Im Rahmen seines Reinhart Koselleck-Projekts wird er an einer Poetik des Rhythmus arbeiten mit dem Ziel, den Rhythmus als Analyse- und Beschreibungskategorie im literaturwissenschaftlichen Werkzeugkasten zu verankern. Die Frage nach der grundsätzlichen Bedeutung des Rhythmus für die Theorie und Praxis der Dichtung (= Poetik) verbindet er mit der nach konkreten Erscheinungsformen dieses Phänomens in der Dichtung. Zwar hat Geisenhanslüke sich auch schon anhand der Prosawerke von Marcel Proust dem Rhythmus als Teil der Stilistik gewidmet, im Zentrum des Koselleck-Projekts jedoch steht der Rhythmus in der Lyrik. Aber nennt man den Rhythmus in Gedichten nicht einfach Metrum? Durchaus nicht, sagt Achim Geisenhanslüke. Zwar beschreibe auch der Rhythmus die „Form in Bewegung“ in der dichterischen Rede, sei aber wesentlich umfassender als der Begriff des Metrums. Gerade im Hinblick auf moderne Lyrik sei das Potenzial des Rhythmus-Begriffs relevant, wenn auch bislang noch zu wenig erforscht.

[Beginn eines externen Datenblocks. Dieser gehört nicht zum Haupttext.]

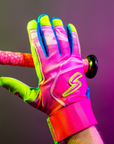 Winder Series Batting Gloves - Splash Series-Stay Smooth - Pink Tsunami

Dieses Defizit verwundert umso mehr, als schon der griechische Dichter Archilochos im 7. Jahrhundert vor Christus den Rhythmus als wichtiges Merkmal von Dichtung benannte. Zahl und Maß zusammen ergeben den Rhythmus, konstatierte im 5. Jahrhundert vor Christus der griechische Philosoph Platon. Achim Geisenhanslüke kümmert sich allerdings um wesentliche spätere literarische Produkte. In drei Teilstudien wird er sich seinem Thema nähern: In der ersten geht es um den Rhythmus in Gedichten von Friedrich Hölderlin, in einer weiteren erfolgt eine kritische Auseinandersetzung mit Foucaults Diskurstheorie, die er um den Rhythmusbegriff erweitern möchte. Die dritte Teilstudie schließlich widmet sich dem Rhythmus als „Form in Bewegung“ im modernen Gedicht bis zur Gegenwart, von Annette von Droste-Hülshoff und Charles Baudelaire bis zu Thomas Kling. Den notwendigen Freiraum, um sich all diesen Aspekten widmen zu können, verschafft die finanzielle Förderung durch die DFG. 750 000 Euro werden auf fünf Jahre verteilt in das Projekt fließen, bei einer flexiblen Verteilung für Vertretungen, Stellenbesetzungen, Hilfskräfte, Workshops und Tagungen.

Tagung zu Foucaults 100. Geburtstag

Die seit 2008 vergebene DFG-Förderlinie ist nach Reinhart Koselleck (1923–2006) benannt, einem der bedeutendsten deutschen Historiker des 20. Jahrhunderts, der als Mitbegründer der modernen Sozialgeschichte gilt. Reinhart Koselleck-Projekte werden an „durch besondere wissenschaftliche Leistung ausgewiesene Wissenschaftlerinnen und Wissenschaftler“ vergeben. Voraussetzung für eine Bewilligung sind besonders innovative Denkansätze sowie eine gewisse Risikobehaftung. Im Falle des Projekts von Achim Geisenhanslüke liegen die Risiken im Versuch, im Rahmen eines komparatistischen Ansatzes mit dem Rhythmus einen für die Literaturwissenschaft ebenso zentralen wie unterschätzten Begriff zum Gegenstand zu nehmen, um auf diese Weise der Poetik einen neuen Impuls zu geben. Dabei gehe es um nichts weniger als darum, die literaturtheoretischen Überzeugungen der Gegenwart zu modifizieren – eine Abkehr vom Dualismus von Signifikant und Signifikat zugunsten der Überzeugung, dass auch die zeitliche Gliederung literarischer Rede Bedeutung erzeuge. Einer der Höhepunkte des Projekts ist für das Jahr 2026 vorgesehen: Zu Foucaults 100. Geburtstag soll es eine große Tagung geben.